• _Directions for this task_
When writing out the entries below, keep only the lines from the line with "The Elbhangfest Christmas" to the line with "X0000112881324200909111435", both included, exactly as they are, and leave the pictures aside.

• _Working data_
•••

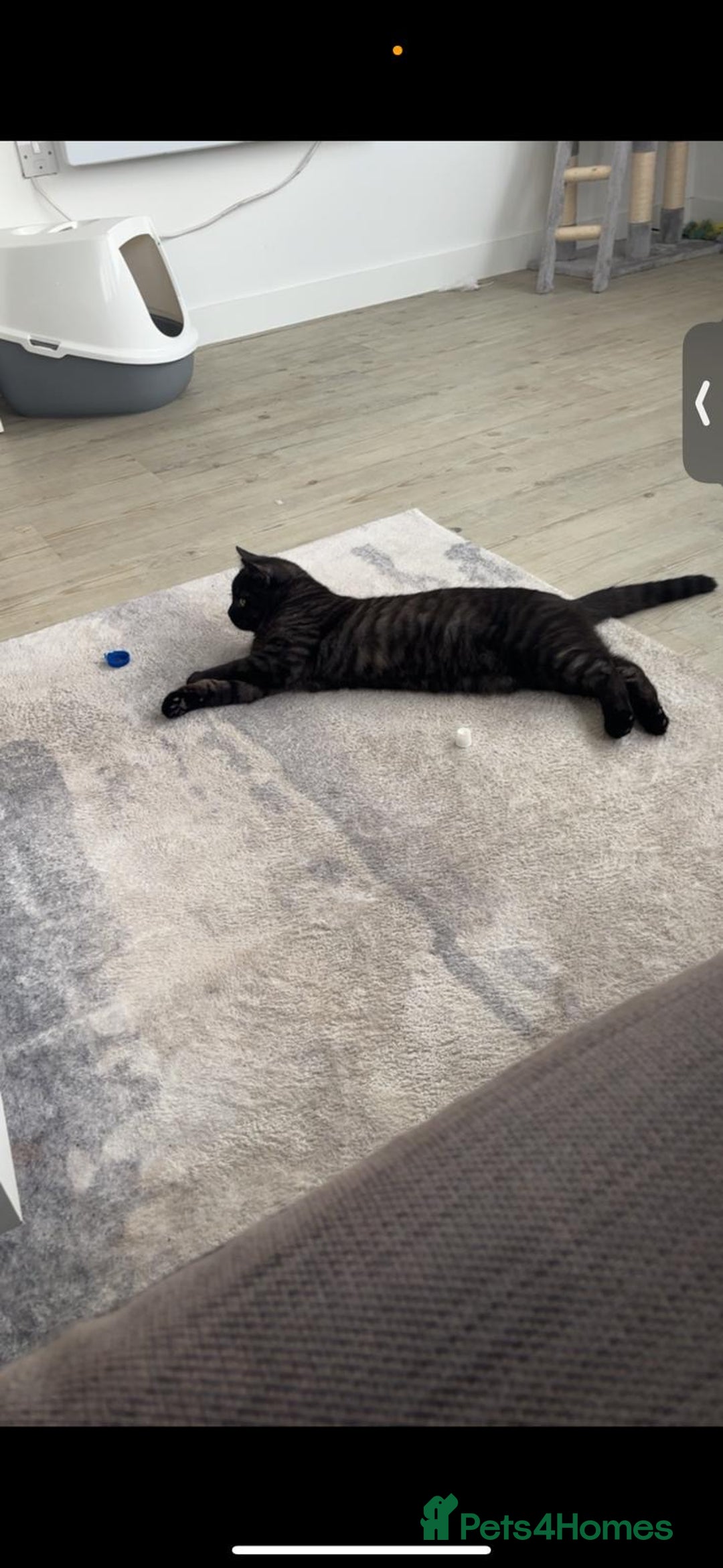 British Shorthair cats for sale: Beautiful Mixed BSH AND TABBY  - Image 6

•••

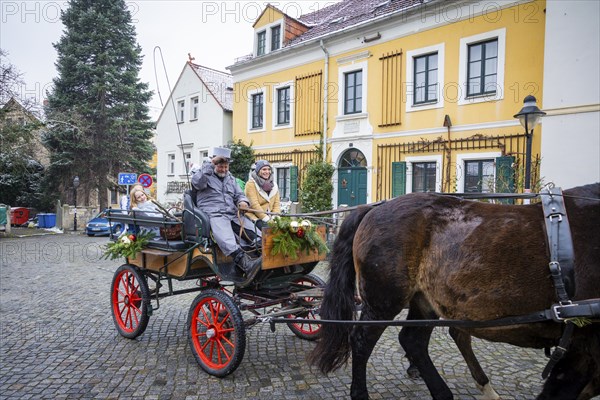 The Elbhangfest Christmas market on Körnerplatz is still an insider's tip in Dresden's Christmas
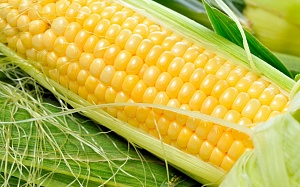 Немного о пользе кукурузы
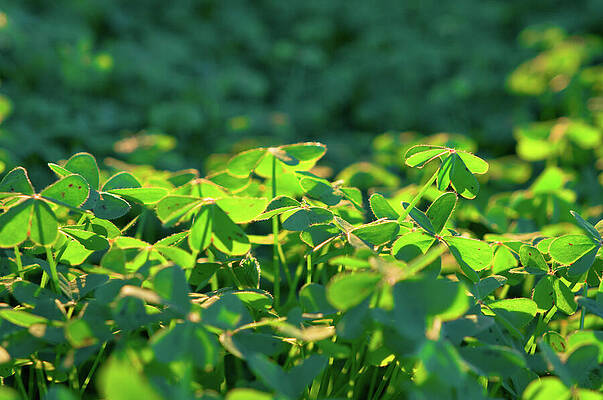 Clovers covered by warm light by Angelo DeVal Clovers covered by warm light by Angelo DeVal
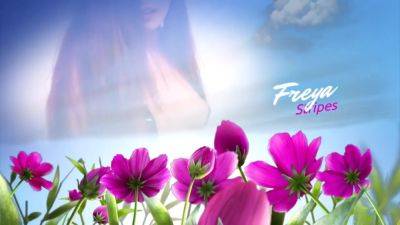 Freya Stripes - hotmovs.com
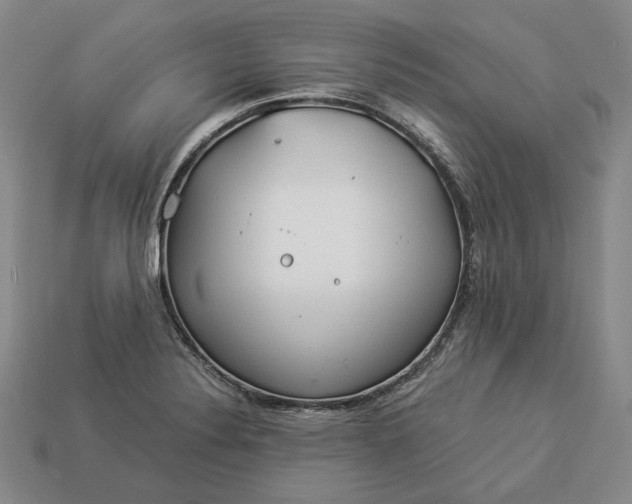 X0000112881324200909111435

•••

• _Answer_
 The Elbhangfest Christmas market on Körnerplatz is still an insider's tip in Dresden's Christmas
 Немного о пользе кукурузы
 Clovers covered by warm light by Angelo DeVal Clovers covered by warm light by Angelo DeVal
 Freya Stripes - hotmovs.com
 X0000112881324200909111435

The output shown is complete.